[opam-devel] [ANN] opam-fmt 1.0
David Allsopp
dra-news at metastack.com
Mon Nov 23 13:15:29 GMT 2015
Tempting as it would be to spend the next couple of hours hacking it, my 2 euro-cents… why not just make the lexer in opam itself lossless, and expose that in the API? So every single token emitted by the lexer becomes a pair including the “whitespace” (= all whitespace, newlines, comments, etc.) which follow that token and any tokens which may be ambiguously lexed (e.g. integers where arbitrary zero prefixes or where bases are permitted) have to be deferred. All that’s needed then is a function which transforms these lossless tokens to the original lexer’s tokens (so dropping the whitespace/comment parts, possibly performing a few int_of_string and other related functions – but all aided by the type system) for plugging into the parsing stage. It’s even relatively transparent to have the “debugging” version of opam verify that the stream is actually reversible to the original file.
A task like this then uses the full-parsed power of opam-lib to identify opam files which need updating (as you are) and then a fairly simple state machine over the lossless lexer stream to update it.
I think that having a rigid format used for opam-repository is a good idea, but given that presumably that wouldn’t want to become mandatory for all repositories, being able to do formatting (and even version) preserving updates seems useful. Having effectively a richer lexer also means no fork required, so better maintainability, and also puts the onus of supporting the updating of an older version opam file on the script author rather than the opam dev team (as presumably OPAM will always remain capable of reading older format files??). Making the update be an FSM over raw lexer tokens is also slightly nicer and less error-prone than a regex approach.
David
From: opam-devel [mailto:opam-devel-bounces at lists.ocaml.org] On Behalf Of Gabriel Scherer
Sent: 23 November 2015 12:19
To: Thomas Gazagnaire
Cc: opam-devel
Subject: Re: [opam-devel] [ANN] opam-fmt 1.0
One idea I just had when re-reading the scavenged comments is to just consider comment lines as independent items. If you add ordering information to the internal opam representation to keep the items in the order, then I suspect that all the examples above would be reformatted in a way that is acceptable to the original author. One final bit of sophistication would be to store (in the comment items) a boolean for whether they started on their own line, or are to be inserted at the end of the previous line.

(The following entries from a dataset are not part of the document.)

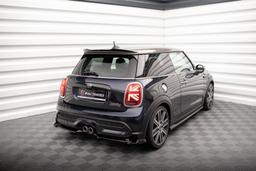 Maxton Design Diffuser Mini Cooper S F56 Facelift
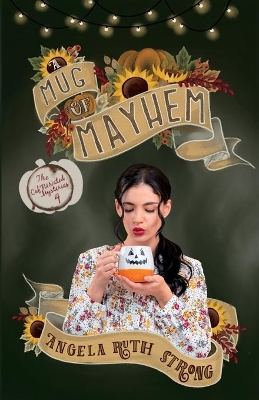 A Mug of Mayhem book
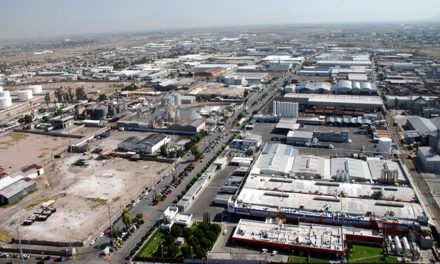 Proyecta Manolo parque industrial para la región Carbonífera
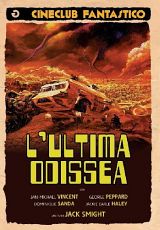 L'ULTIMA ODISSEA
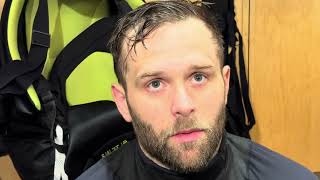 Bryan Rust, Penguins, on Game 5 victory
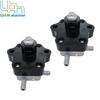 2 Pcs 3H6-04000-7 803529T06 Fuel Pump For Mercury 4-Str 4HP 5HP 6HP 8HP 9.8HP Outboard 803529T04 803529T06 for Tohatsu 3H6040007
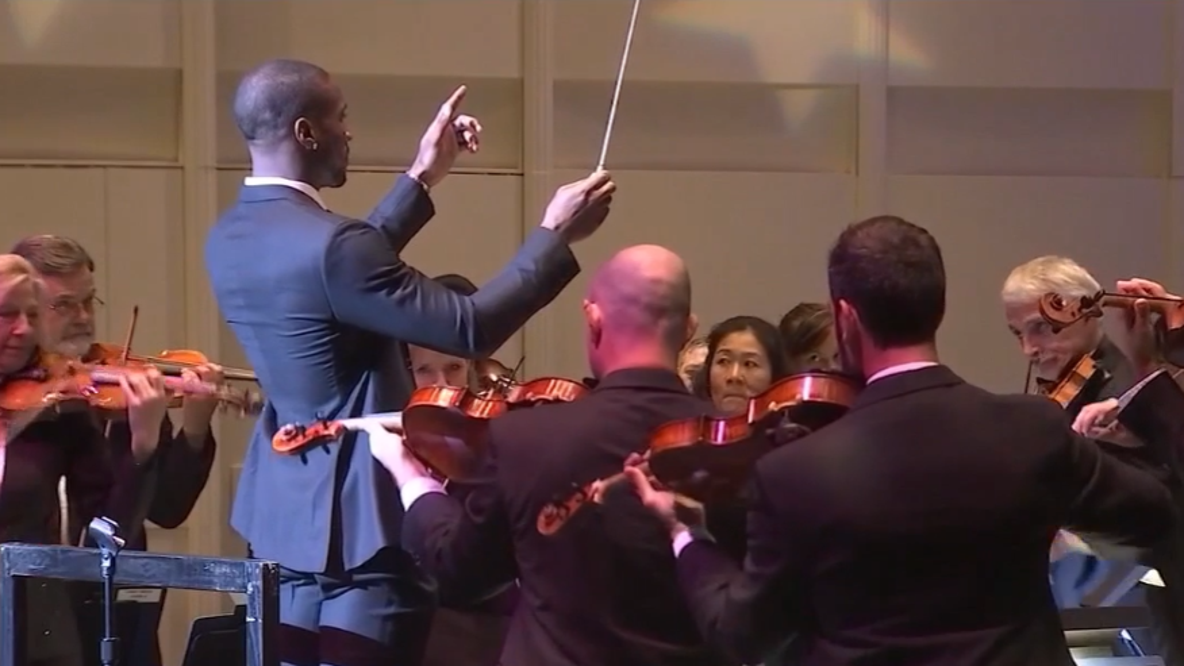 Phoenix Symphony suspends season as musicians call for financial transparency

Of course this fake structure is less true to the real document structure than properly placed attribute nodes would be. It seems easier to implement (and thus a decent compromise to make), but then maybe not: keeping an ordering may be non-trivial for data whose current internal representation is not a set of things (for example dependency formulas are actually full logic formulas; but then if we keep to Conjunctive Normal Forms they can have a list-like representation).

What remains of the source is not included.